Je reviens la semaine d’après. Cette fois, le facteur est là et me fournit des indications précises. Un quart d’heure plus tard, j’arrive au carrefour qu’il m’a décrit. Je m’engage sur le sentier à gauche, que je parcours de long en large, espérant y dénicher le repère suivant, un vieux pont de pierre. Sans succès. Je finis toutefois par tomber sur le dernier repère. Et là, sur la colline : la fameuse maison, que j’ai mis tellement de temps et d’énergie à chercher !

Je réfléchis un instant à la façon dont je vais exposer la bonne nouvelle du Royaume. Un homme âgé se présente. “ Je regrette, dit-​il, mais ce n’est pas ici. C’est là-bas. ” Il pointe du doigt une maison que cachent des arbres. J’y descends à pied, le cœur battant. Je frappe et patiente... J’en profite pour admirer l’Atlantique, distant d’une centaine de mètres. Le vent s’est accru et, sous l’assaut des vagues, les kilomètres de plage intacte se blanchissent d’écume. Mais pas âme qui vive, ni dans la maison ni dans les parages.

Je dois revenir deux fois avant qu’enfin on m’ouvre. “ C’est bien ici, m’assure un jeune homme, mais le locataire précédent — le monsieur que vous cherchez — a déménagé. J’ignore où il est parti. ” Qu’à cela ne tienne, je lui explique le but de ma visite. Je découvre qu’il n’a encore jamais parlé avec un Témoin de Jéhovah. Un jour, il a été victime d’un vol et s’est demandé pourquoi Dieu permettait ce genre d’injustice ou d’autres. Il accepte avec plaisir les dernières éditions de La Tour de Garde et de Réveillez-vous ! qui, précisément, développent ce thème.
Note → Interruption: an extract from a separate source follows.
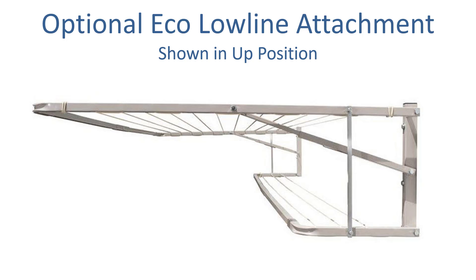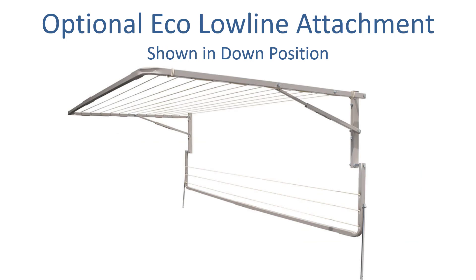If you're looking to add the most line space you can get, you can add what's called an optional eco low line attachment. This is another section that attaches to the back of the clothesline and allows you to get an extra three lines. This is really handy if you're looking to maximize your line spacing in a small area of 150 centimeters. Those extra three lines give you an extra four and a half meters of usable line spacing. It attaches to the mainframe and goes up and down when the mainframe does, but if you didn't need to use it on any given day it simply unhooks from the mainframe and folds flat to the wall so it can be out of the way.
Les Écritures nous ordonnent de chercher avec persévérance les personnes semblables à des brebis. Je n’ai, hélas ! pas trouvé l’homme que je cherchais. Pourtant, en aucun cas je n’estime avoir perdu mon temps. En Irlande, beaucoup ont soif du message du Royaume. Alors qui sait si, avec la bénédiction de Jéhovah, les quelques graines de vérité semées dans le cœur de ce jeune homme ne germeront pas ?

[Note]

^ § 7 Les townlands sont des subdivisions territoriales datant du XIsiècle. De tailles variables, elles peuvent compter des centaines d’habitations. Leurs noms sont utilisés par la poste irlandaise.